Pending home sales slowed in August, with tight inventory conditions, higher interest rates, rising home prices and continuing restrictive mortgage credit impacting the market, according to the National Association of Realtors (NAR). The Pending Home Sales Index (PHSI), a forward-looking indicator based on contract signings, eased 1.6 percent to 107.7 in August from a downwardly revised 109.4 in July, but remains 5.8 percent above August 2012 when it was 101.8; the data reflect contracts but not closings.
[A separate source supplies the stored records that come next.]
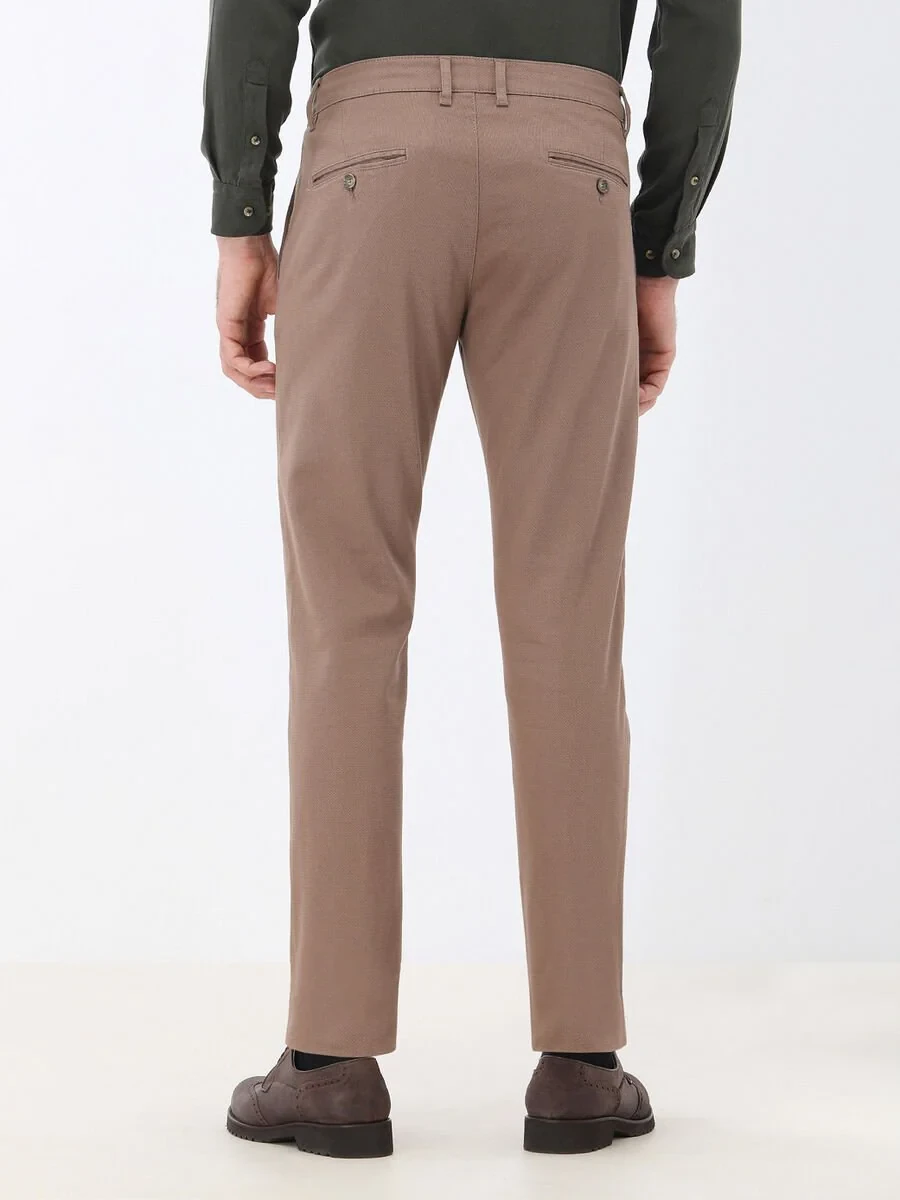 Light Brown Weaving Regular Fit Casual Cotton Blended Trousers - 5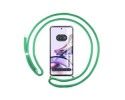 Funda Colgante Transparente para Motorola Moto G13 con Cordon Verde Agua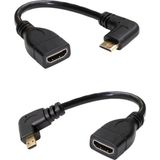 Keepro 90 Derece Ltipi Micro - Mini HDMI 2'li Set Mikro Hdmı Mini Hdmı Çevirici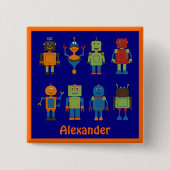 Robot Friends Child's Personalized Square Button (Voorkant)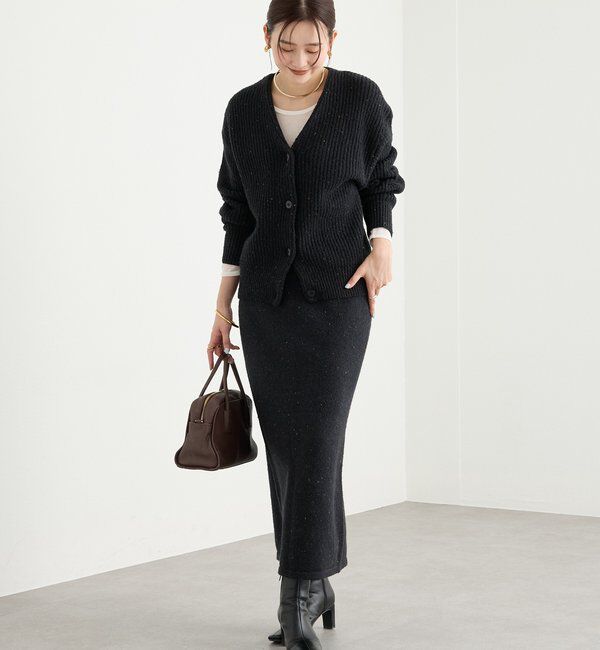  「【セットアップ対応可】ブークレーヤーンタイトスカート」|スカート|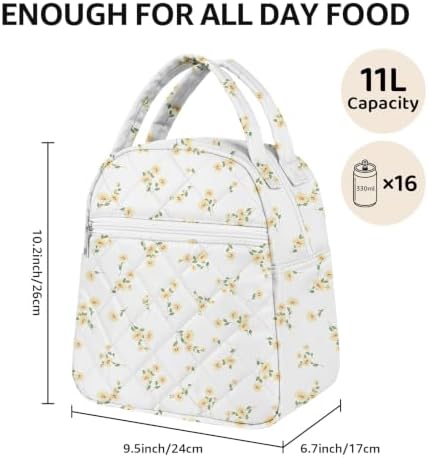 Paquesta Lunch Bag Women Stylish Quilted Lunch Boxes for Adult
Pending sales have been above year-ago levels for the past 28 months.
“Sharply rising mortgage interest rates in the spring motived buyers to make purchase decisions, culminating in a six-and-a-half-year peak for sales that were finalized last month,” said Lawrence Yun, NAR chief economist. “Moving forward, we expect lower levels of existing-home sales, but tight inventory in many markets will continue to push up home prices in the months ahead.”
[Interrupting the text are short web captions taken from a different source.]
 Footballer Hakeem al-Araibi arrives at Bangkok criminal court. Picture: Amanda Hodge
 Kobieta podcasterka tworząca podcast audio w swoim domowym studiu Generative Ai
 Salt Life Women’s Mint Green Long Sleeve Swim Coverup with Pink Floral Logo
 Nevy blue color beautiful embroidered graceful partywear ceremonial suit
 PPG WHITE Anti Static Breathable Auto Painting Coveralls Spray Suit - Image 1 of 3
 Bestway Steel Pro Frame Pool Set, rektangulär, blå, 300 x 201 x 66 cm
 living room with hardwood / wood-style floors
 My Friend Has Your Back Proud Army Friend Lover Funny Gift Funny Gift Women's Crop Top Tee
The PHSI in the Northeast rose four percent to 84.8 in August, and is 5.1 percent above a year ago. In the Midwest the index declined 1.4 percent to 111.6 in August, but is 13.8 percent higher than August 2012. Pending home sales in the South fell 3.5 percent to an index of 116.9 in August, but are 3.7 percent above a year ago. The index in the West declined 1.6 percent in August to 106.9, but is 1.7 percent higher than August 2012.
Although total existing-home sales this year will be up about 11 percent to nearly 5.2 million, little change is seen in 2014, with sales forecast to increase less than 1 percent. The national median existing-home price should rise 11 to 12 percent for all of 2013, easing to an increase of five to six percent next year, with general improvement expected in inventory supplies.